Merrimack to Lay Off Remaining Execs and Staff, Sell Assets

Merrimack said the company will preserve its cash runway in order to provide time for additional milestone payments from Ipsen.

Merrimack Pharmaceuticals will lay off its entire staff, including its leadership team, as the Cambridge, Mass.-based company looks to be in the midst of shutting down.

On Thursday, the company announced the results of a months-long strategic review that include the job cuts, as well as a deal with startup 14ner Oncology, Inc. Merrimack will sell its anti-Her3 monoclonal antibody programs, MM-121 and MM-111, for up to $58 million. The deal includes $3.5 million in upfront cash and to $54.5 million in contingent milestone payments. Also, Merrimack said its strategic review will include a reduction in the size of its board of directors in order to be “better aligned with the nature of the company’s continued operations.” A potential plan to rebuild will be announced at the company’s next annual meeting of shareholders.

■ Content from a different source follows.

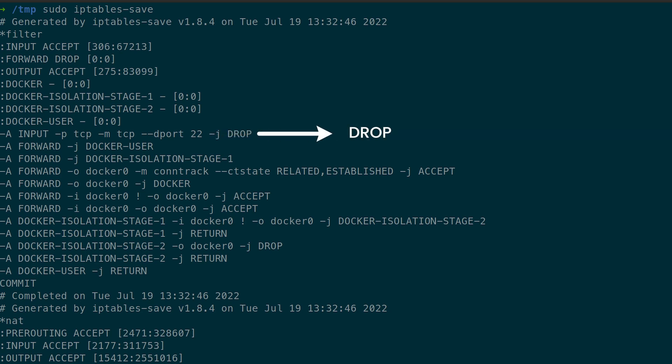Drop means that connections to the relevant port are being blocked. If you search the results of the commands above for dport 22, you should be able to determine if your firewall is preventing an SSH connection. If so, you'll have to change the rules to accept requests. The fix is to disable the firewall rules that are blocking your SSH connection by changing the destination port settings to accept.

Merrimack will also discontinue discovery efforts in its remaining preclinical programs, MM-201 and MM-401. Lastly, the company said it planned to authorize a near-term special cash dividend of between $16.9 million and $18.9 million that hinges on the asset sale to 14ner Oncology.

Merrimack has been in struggling for the past few years. In April, the company announced it planned to discontinue development of an experimental solid tumor treatment, MM-310, that was not showing much potential in a Phase I trial. As a result of that decision, Merrimack said it would initiate layoffs – the second round of layoffs in less than six months. The job cuts came on the heels of a decision to cut 60% of its staff after the company halted its Phase II non-small cell lung cancer trial. The SHERLOC trial was assessing its asset MM-121 in combination with chemotherapy drug docetaxel in patients with heregulin positive NSCLC. When Merrimack announced the cuts, the company said at the time that it planned to focus its development efforts on MM-310 in solid tumors, as well as the advancement of its two most promising preclinical candidates, MM-401 and MM-201, which became the center of the company’s preclinical focus. Also last year, the company saw a pancreatic cancer asset, MM-141, fail to hit its primary or secondary efficacy endpoints.

In 2017, Merrimack sold some oncology assets, including pancreatic cancer drug Onivyde, to France-based Ipsen in a deal that was worth up to $1.025 billion. Following the close of the deal with Ipsen, Merrimack reduced its headcount by about 80%.

In its latest announcement, Merrimack said core driver throughout the company’s strategic review process was to optimize value for shareholders, including through the preservation of potential milestone payments that Merrimack is eligible to receive. Gary Crocker, the chairman of Merrimack’s board of directors, said the conclusion to restructure the company was made to ensure its “cash runway could extend into 2027,” which is when the company estimates the longest-term potential Ipsen milestone may be achieved.